While the beta version was active in March I did an edit with on a pile of pumpkins in CS5 (removing an item from the image) the saved tif back in Lightroom displayed out of gamut over the pumpkins. This was repeated with images that had red Christmas ribbons. Meanwhile both images printed using Qimage software containing the colours I expected. Attempting to 'correct' via the soft proofing produced a flat, unfavourable image. At that time I thought it was me and I bought the Xrite colormunki (all $600.00 of it)

Another post that I put here included a screenshot of the black clipping mask that displays (hover over the Black triangle and push ALT) YELLOW over all the areas of a crocus cluster and was labeled as 'clipped'....same area was listed as out of gamut. I've concluded that using a bit of desaturation with clarity and vibrance has an influence....lessens the clipping anyway.

Although there is little comment about soft proofing I'm inclined to agree with Mark S (posts above) that there is something a little out of whack and until I hear differently I'm ignoring the soft proof aspect since it has been a frustrating experience, ever increasing since the spring flower season has started.

Rose


----------



## rjalex (Apr 18, 2012)

As a fellow gardener and photograph I do feel your pain  Thanks for sharing your thoughts Rose. I am learning a lot by reading posts as yours and the resources you mention. The only thing I am not sure I understand is why you're speaking about the Prophoto gamut since if I am not mistaken it's only an emitted light gamut and not a reflective gamut used for printing. Being very wide (maybe wider than the gamut of the camera capabilities ??) I do understand why the MONITOR gamut (the one on the left of the istogram) will not show warning even on the more challenging hues, but if your problem is in printing the whole point should be changing the hues in the photo to avoid out of gamut warning in the PRINTER gamut warning of the soft proofing function.

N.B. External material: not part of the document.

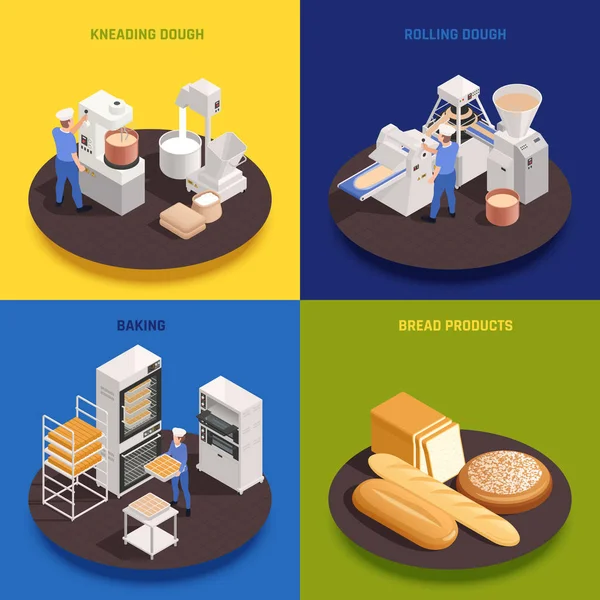 Confiserie de boulangerie Isometric Concept — Image vectorielle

Did I get this right ?
Here is a little quick shot I took in my little garden a couple of days ago. The flower is an Ajuga Reptans and the critter is a Bombus Pascuorum  Take care


----------



## Mark Sirota (Apr 18, 2012)

You don't necessarily need to change anything to address destination OOG warnings -- the profile conversion and rendering intent will handle that automatically, and perhaps better than doing it yourself.  (This is the point Andrew Rodney is trying to make in his second video.)


----------



## Rose Weir (Apr 18, 2012)

I wasn't looking at the softproofing result for ONLY printing. Many images are intended for a web site so I look at them in sRGB. Curiousity was the underlying reason I included the Prophoto...Not that I'm actually going to use it.
I've given up attempting to get a good adjustment when the destination is the printer. I send a tif to a folder for Qimage to use, pick the settings I need and the print clatters out of the printer looking pretty much the same as what I see on the screen.
It is a wide gamut screen which you asked about and I had to think about that. Its labelled as a 27.5 but the diagonal measure would give the true condition. There is a 22 inch sitting beside it and on occassion images look slightly better on that monitor; they are both calibrated to the same target amount. 
I looked at the follow up video again last night that Andrew Rodney (Digital Dog) posted regarding rendering and I'm just going to go with his opinion expressed by Mark Sirota here

Rose
Who knows what the images look like out there on someone else's monitor ?<grin>


----------



## rjalex (Apr 18, 2012)

Rose Weir said:


> Who knows what the images look like out there on someone else's monitor ?<grin>



Who knows ! 

In the video you linked the guy says that internally LR uses a colourspace called Melissa RGB which if I understand correctly is similar to Prophoto. It also says (but not being a mothertongue I could have misundersttod) that when you use LR4 softproofing MONITOR overlay you are NOT comparing the colours in the image to the sRGB working space but rather to Melissa RGB and therefore since the latter is a wide gamut you'll often end up with minimal data out of that gamut.

The more I read the more I get confuzzled  but the process is FUN ! 

I am also on the same wavelength as the video and Mark's: not a lot of use for SP so far.

TC


----------